Por Lucas Azevedo – O Estado de São Paulo – 06/12/2014
Preso em dezembro de 201, Maiquel de Almeida Guilherme havia sido condenado a 22 anos de prisão em Porto Alegre
Porto Alegre - Um dos assassinos do coronel da reserva Julio Miguel Molinas Dias, ex-chefe do DOI–Codi do Rio de Janeiro, em 2012, o policial militar Maiquel de Almeida Guilherme, fugiu da cadeia nesta sexta-feira 5 . Ele estava preso no Batalhão de Polícia de Guardas, em Porto Alegre, aguardando sua expulsão da Brigada Militar. Depois disso, ele seria transferido para o Presídio Central.
Segundo a Corregedoria da Brigada Militar, Guilherme acessou o telhado do Batalhão, na noite de sexta-feira depois de arrombar a porta e passar por uma janela. Da cobertura, pulou um muro e entrou em um carro para, então desaparecer. O soldado estava preso desde dezembro de 2012 e havia sido condenado a 22 anos e 10 meses de prisão.

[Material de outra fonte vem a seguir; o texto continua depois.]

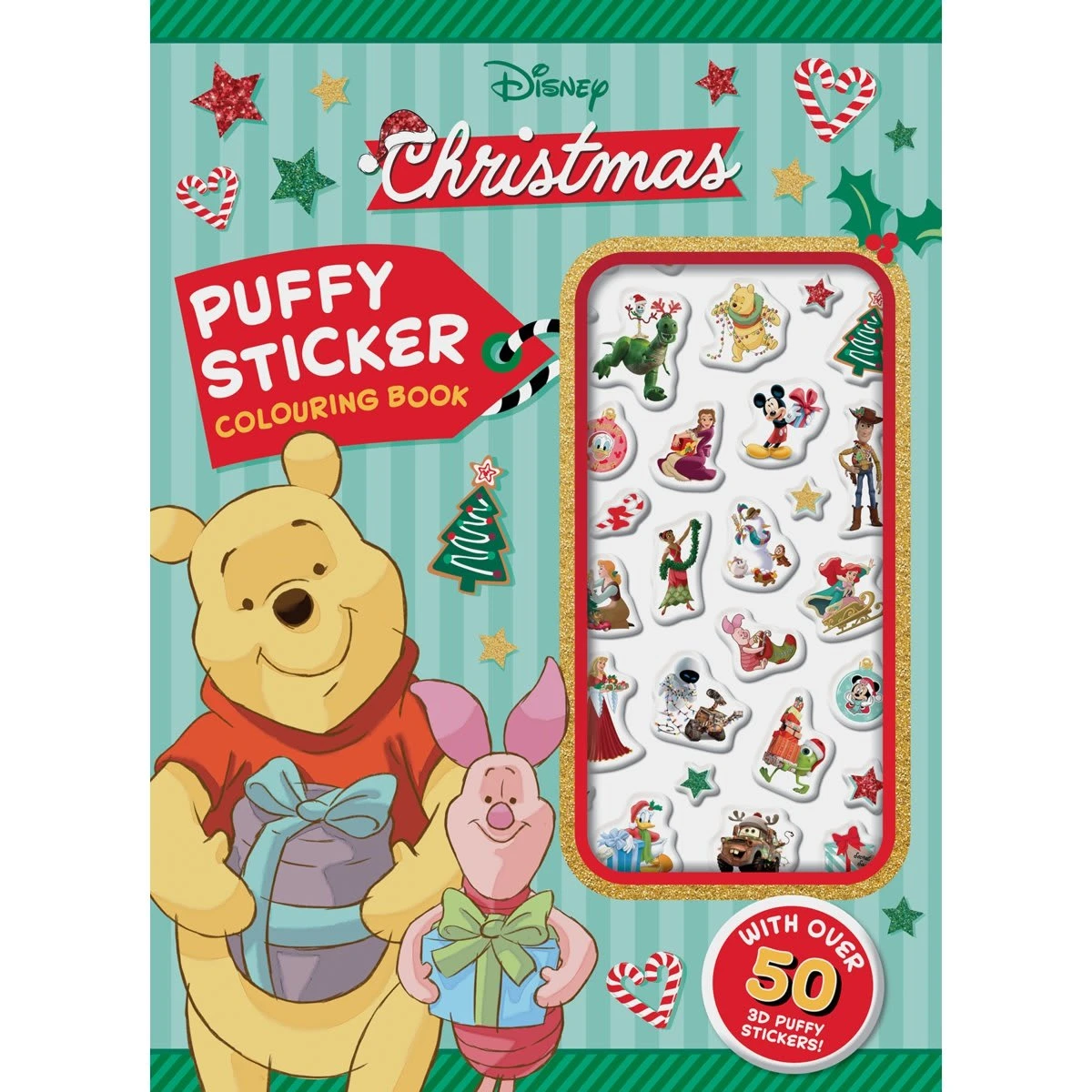 Disney Christmas Puffy Sticker Colouring Book 1 Disney Christmas Puffy Sticker Colouring Book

A policia faz buscas do fugitivo.

Guilherme participou do assassinato de Molina Dias, 78 anos, no dia 1º de novembro de 2012, em Porto Alegre. O coronel foi morto quando chegava em casa, em seu carro, no bairro Três Figueiras.
Na época foram presos Guilherme e um colega de farda, a namorada de um deles e outo suspeito. Eles foram acusados de envolvimento em assaltos e tráfico de drogas. Os suspeitos teriam rendido Molinas para invadir sua casa e roubar o arsenal que o oficial mantinha.

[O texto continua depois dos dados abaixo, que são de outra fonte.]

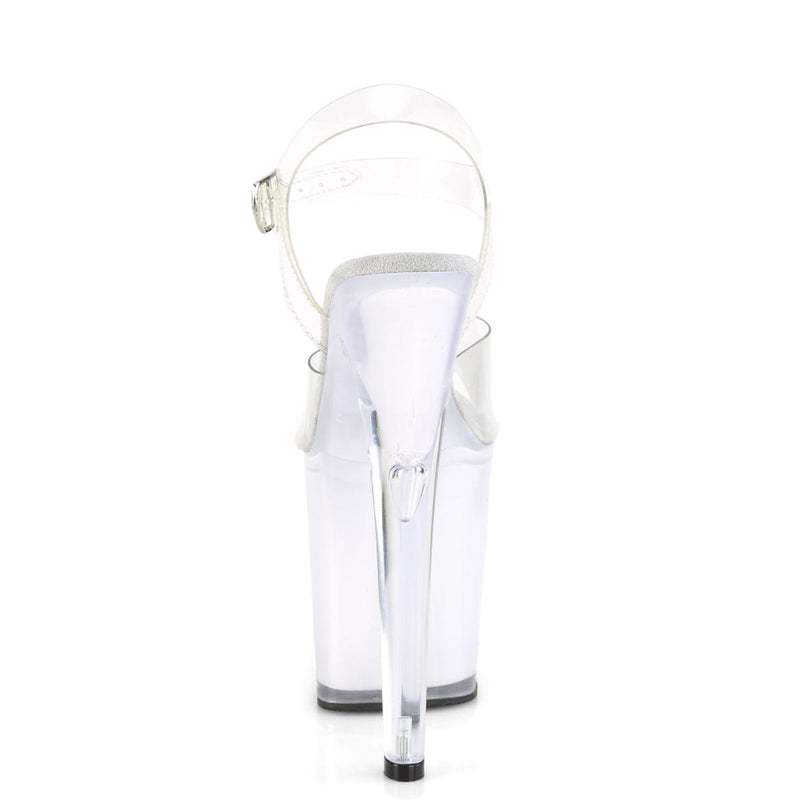 Pleaser ILLUMINATOR-808 Platform Sandal (Clear/White Glow)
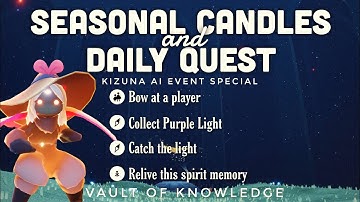 Double Seasonal Candles + Daily Quest in Vault of Knowledge | sky:cotl | Noob Mode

O assassinato do coronel acabou por desencadear a descoberta de documentos sobre o desaparecimento do ex-deputado Rubens Paiva, em 1971.

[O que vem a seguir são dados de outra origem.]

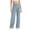Sky Blue, variant on Womens Dress Pants, Yigetop Women Wide Leg Stretchy Work Pants High Waisted Business Casual Trousers Slacks for Women Loose Pull on Comfy Pant Trousers Pants for Women White S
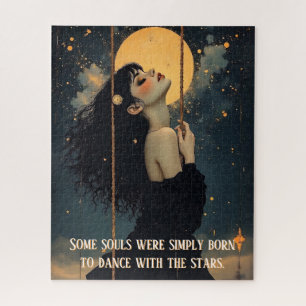Puzzle Art céleste Femme gothique Citation spirituell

Durante as investigações, foram encontrados documentos relativos ao regime militar. Ele foi chefe do Destacamento de Operações Internas ( DOI- Codi) do Rio de Janeiro, no início da década de 1980.
No arquivo que o coronel da reserva mantinha em casa , foi encontrado um ofício datado de 20 de janeiro de 1971 que continha uma ralação de objetos pessoais que estavam com Rubens Paiva no momento de seu desaparecimento.

O relatório identifica ainda que o deputado chegou ao DOI–Dodi naquele dia trazido por uma equipe do Centro de Inteligência da Aeronáutica.

O documento contraria a versão dada até então de que o deputado havia sido sequestrado quando estava a caminho da sede de órgão repressor.